Gryphon pressed harder against her mouth with his hand.

“Open it!” another said.

“I can’t. It’s bolted from the inside.”

“Sonofabitch.” That was Nick’s voice. Maybe there was still a chance… “This entrance leads into the tunnels, right?”

“Yeah,” someone else said. “I don’t know where, though.”

“Well, fucking find out,” Nick hollered. “Get me blueprints of this damn castle. Keep working on that door. And someone wake up Theron and Orpheus. I want this sonofabitch caught before he gets outside the colony’s borders.”

Gryphon’s free hand gripped Maelea’s wrist. Without letting loose of her mouth, he pulled her away from the wall and shifted her around so her back was plastered to his front and his big, hard body was pushing her forward.

“Walk,” he said in her ear. Hot breath ran under the collar of her jacket. “I know you’ve been in here before. I’ve seen you when no one else is watching. You know exactly where this tunnel lets out. We’ve got minutes before they figure it out too. If you want to live, you’ll get me the hell out of here. And you’ll do it fast.”

* * *

Orpheus jolted from the erotically charged dream involving him, Skyla, and a vat of JELL-O he’d just as soon have continued exploring.

Glancing toward the clock on the nightstand, he caught the time. Just after two a.m. Against his chest, Skyla lay softly snoring, her heat warming him where she’d passed out after they’d made love for the third time.

His chest pinched. Gods, he did not want to leave her in the morning. But there was no way around it. Nick wouldn’t let Gryphon stay—not after what he’d done—and Orpheus wasn’t abandoning his brother to the outside. He ran his fingers through Skyla’s long blond hair and remembered the way she’d stood up for him, even knowing all the dumb shit he’d done in this life and the previous one. If Orpheus could be saved, then there had to be hope for Gryphon.

She wanted to go with them, but no matter what, he wasn’t letting Gryphon anywhere near her. She’d tried to argue about it last night, but he’d successfully distracted her with his mouth and hands and the rest of his body—several times. In the morning she’d likely try again, and she’d be pissed when she found out he wasn’t relenting, but he’d rather have her alive and pissed than dead.

He’d meant it when he said he wasn’t losing her. Not again.

A pounding echoed through the room, and lifting his head from the pillow, he realized that was the sound that had woken him.

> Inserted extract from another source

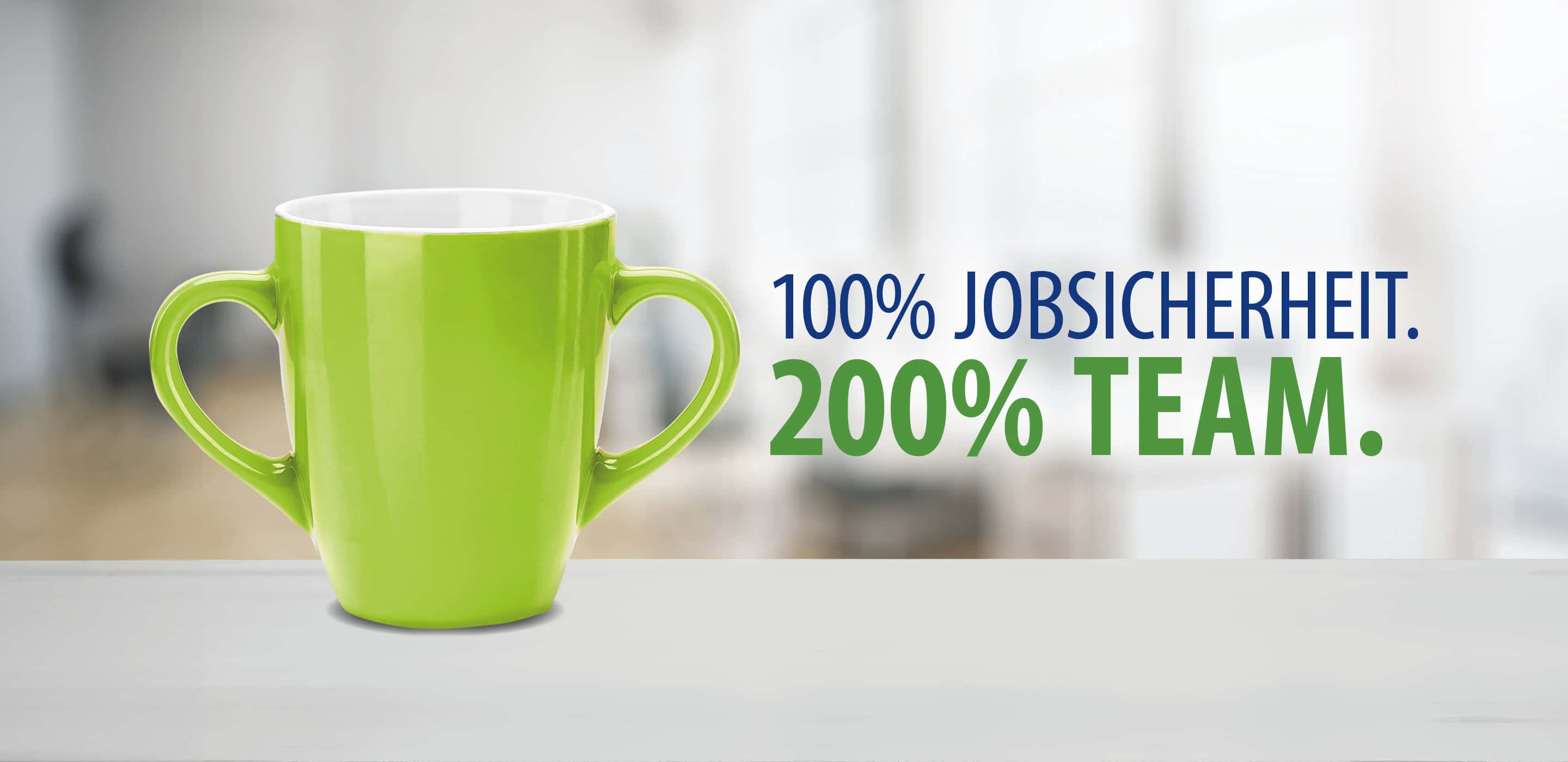 Grüne Tasse mit zwei Henkeln und dem Motiv „100 % Jobsicherheit. 200 % Team.“.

As he pushed up on his elbows, Skyla stirred. Grunting once, she lifted sleepy, sexy eyes his way. “What’s wrong?”

“I don’t know.” He slid out of bed, pulled on the jeans he’d tossed on the floor earlier, and crossed the room toward the glass door. Embers still burned red in the fireplace, and shards of moonlight shone through the windows on four sides of the hexagonal room in one of the highest towers of the castle. Beyond the glass door, a male figure loomed. A figure Orpheus recognized as one of Nick’s men.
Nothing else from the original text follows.